I would have asked why the question of whether the owners of the restaurant were from the Turkish or the Greek part of Cyprus needed to be answered in the first place, but experience indicates that it would have been met with even more bewilderment. Why do I want to know? WHY? Because when you see both gyros and doner kabobs on the menu of a Cypriot restaurant, how can you NOT wonder? Right? So I left him to his deduction-drawing and moved onto demolishing the baklava on my plate, causing several mini-sugar-crashes in my bloodstream. Happy, and a little dulled in judgement from my sucrose-high, I picked the last crumbs off my plate and was contemplating ordering another helping of the dessert, when Boyfriend suddenly put the menu away and resumed conversation, with this:
“Did you know that near the border between Cyprus and North Cyprus is a fenced-in ghost town called Varosha, where, in restaurants there are tables set with the finest cutlery; in hotels, there are beds that had been made with utmost care; in residential car garages, there are cars parked neatly in their spots, but there are wild shrubs and creepers growing over all of them because no one has visited the town since the 1970s?”
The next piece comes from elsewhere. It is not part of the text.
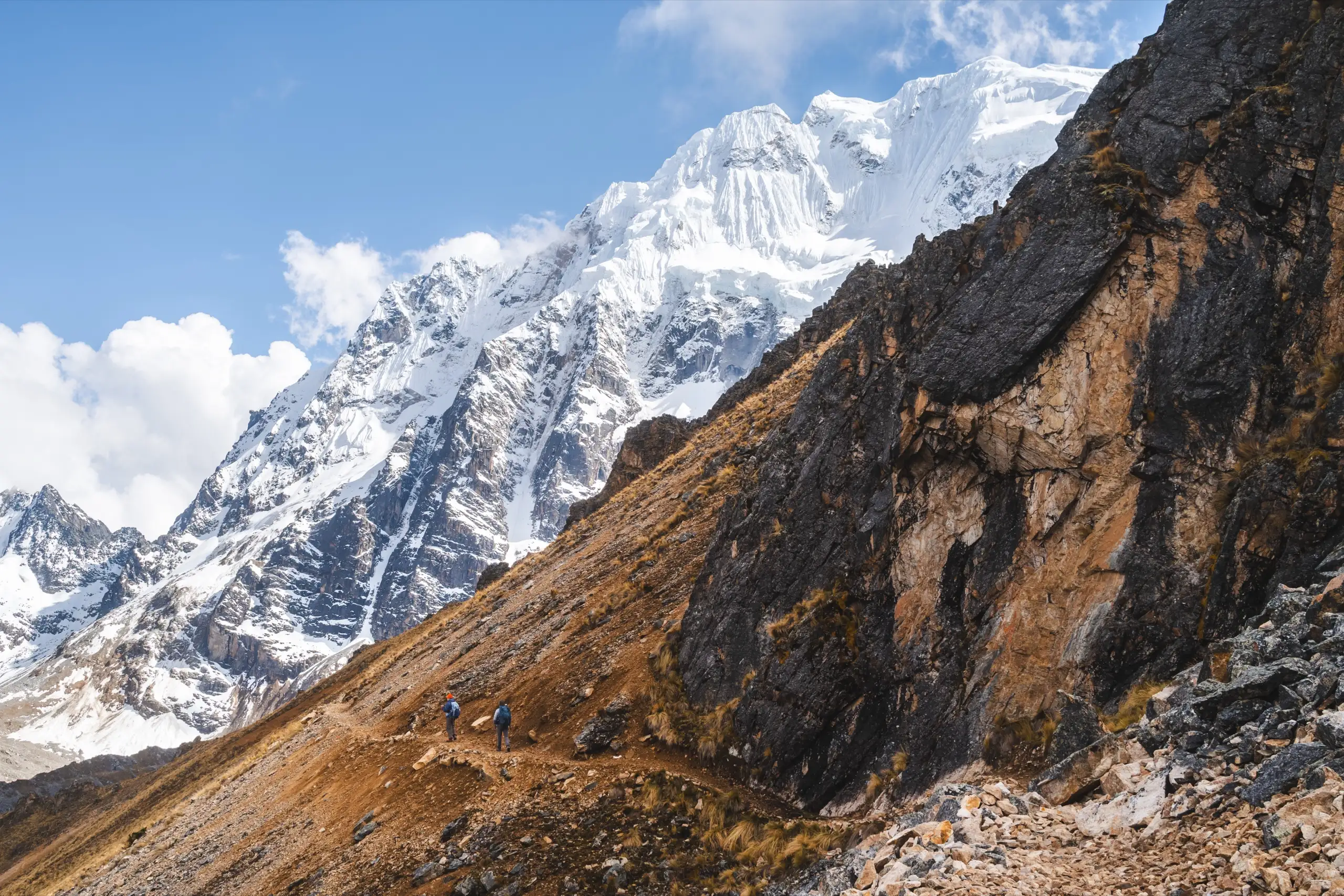 Small trekkers on a trail across a golden slope beneath the huge glaciated face of Nevado Salkantay and a dark rock cliff, Nevado Salkantay, Cordillera Vilcabamba, Peru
Here’s how it happened: In Northern Cyprus, close to the border with The Republic of Cyprus, lies a city named Famagusta. Back in the day – and by “back in the day” I mean about 600 years ago – Famagusta was an important trade port, and everyone wanted a piece of it. It was built in the 10th century in the same location as Arsinoe, an even more ancient Egyptian city dating around the 3rd century BC. And as the Smithsonian Magazine informs me, the city changed hands like a common item on the stock market. During the Crusades it was captured by Richard the Lionheart, who sold it to the Knights Templar, who then sold it to Guy de Lusignan, a French knight, in 1192. By the 14th century Famagusta was a flourishing city, with all the typical signifiers of prosperity – two layers of walls and a moat to protect the city, and a separate church for every day of the year. (If you decided to give up religion in 14th century Famagusta, it would definitely not be out of boredom.) There was also beautiful architecture and robust trade, and because of its cosmopolitan nature, it became a place where several languages – Greek, Hebrew, Italian, and Arabic – thrived. In the 15th century Venetian princes took over the city, and made its walls stronger still, measuring 50 feet in some places. It was a city that was now indestructible, because no one could get past those walls.
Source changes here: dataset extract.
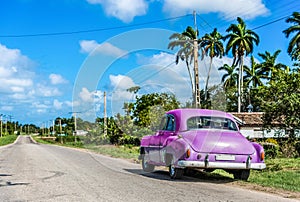 HDR - Parked american green Chevrolet classic car at the side street on the Highway to Havana Cuba - Serie Cuba Reportage.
Until the 16th century, when the Ottomans Turks came in with their wrecking balls. (Resist the urge to make a Miley Cyrus joke. You’re better than that. Resist it. Now.) It took them a year, but as we know, the Ottomans don’t give up easy. They finally broke into Famagusta and took it over. The one-a-day churches found themselves with minarets planted on their roofs, and Famagusta was declared a no-Christian zone. And while the Ottomans did modernize some of the infrastructure, by the 19th century most residents had left Famagusta, and the city was a far cry from its former state of grandeur.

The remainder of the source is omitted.